China is known for its tight security when it comes to online services and content. Dubbed the "Great Firewall of China," the country's data filters prevent access to any domain or service deemed to potentially contain illegal or subversive content. Computer scientists have, however, found a way to get past China's data filters by embedding censored data within approved traffic.
"Telex," which will be formally launched at the Usenix security conference in San Francisco in August, basically smuggles banned content within allowed traffic. Public-key cryptography is used to hide banned data in encrypted form, which are smuggled within packets of legitimate traffic. Data is then reconstituted and decrypted at the destination, at which point the user has access to the website or information as if it weren't banned in the first place.

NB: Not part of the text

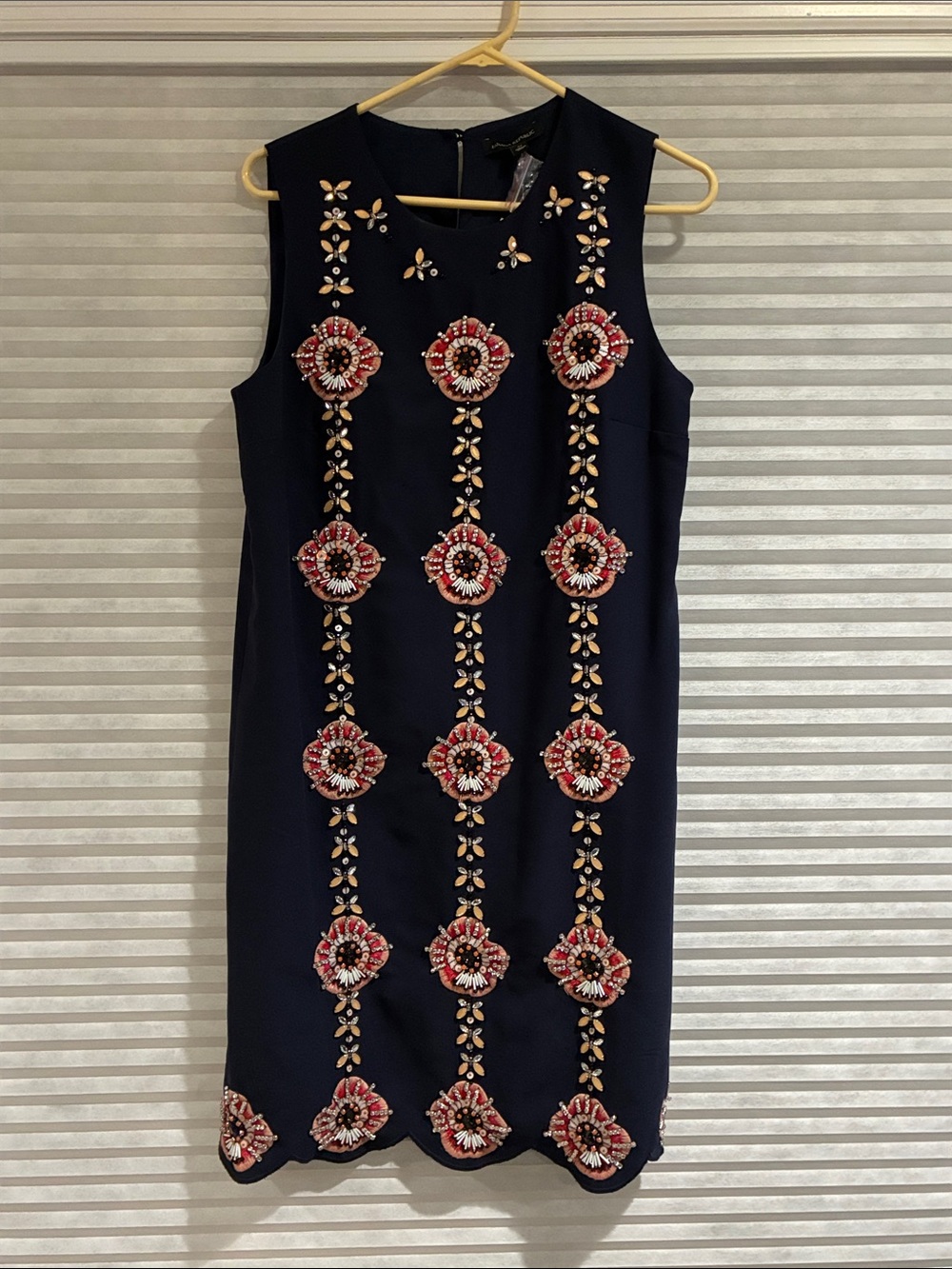 Banana Republic Navy Beaded Floral Shift Dress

Circumventing the Great Firewall
Current anti-censorship technologies rely on virtualization or firewalls to gain access to banned data and websites. For example, users can be connected to a server that is not within the coverage of the Great Firewall, either through proxy or through remote login. But these are easily banned once authorities discover the potential for getting past the censors.
With Telex, a user gains access to a banned website (let's call it site X), but a a client-based program instead requests for an allowed site (called site Y), and adds special markings to outbound request packets. Routers from around the world will then recognize these markings or signatures and instead retrieved site X. The content is then encrypted and the data broken down into pieces that come with the packets from site Y. Once the client receives the site Y data with encrypted site X packets, the original website is then decrypted and reconstituted. You now get to see site X.
But Will It Work?
Dr. Alex Halderman, one of the computer scientists working on Telex, says the team is already testing the system and has successfully viewed banned content from within China. However, the system still faces some challenges.
For one, ISPs and routers around the world would need a system that can spot the markers, and will also need the public encryption keys, so that these can route Telex traffic properly. Second, the team anticipates that censors might become more sophisticated in the future, which means even encrypted traffic could get banned.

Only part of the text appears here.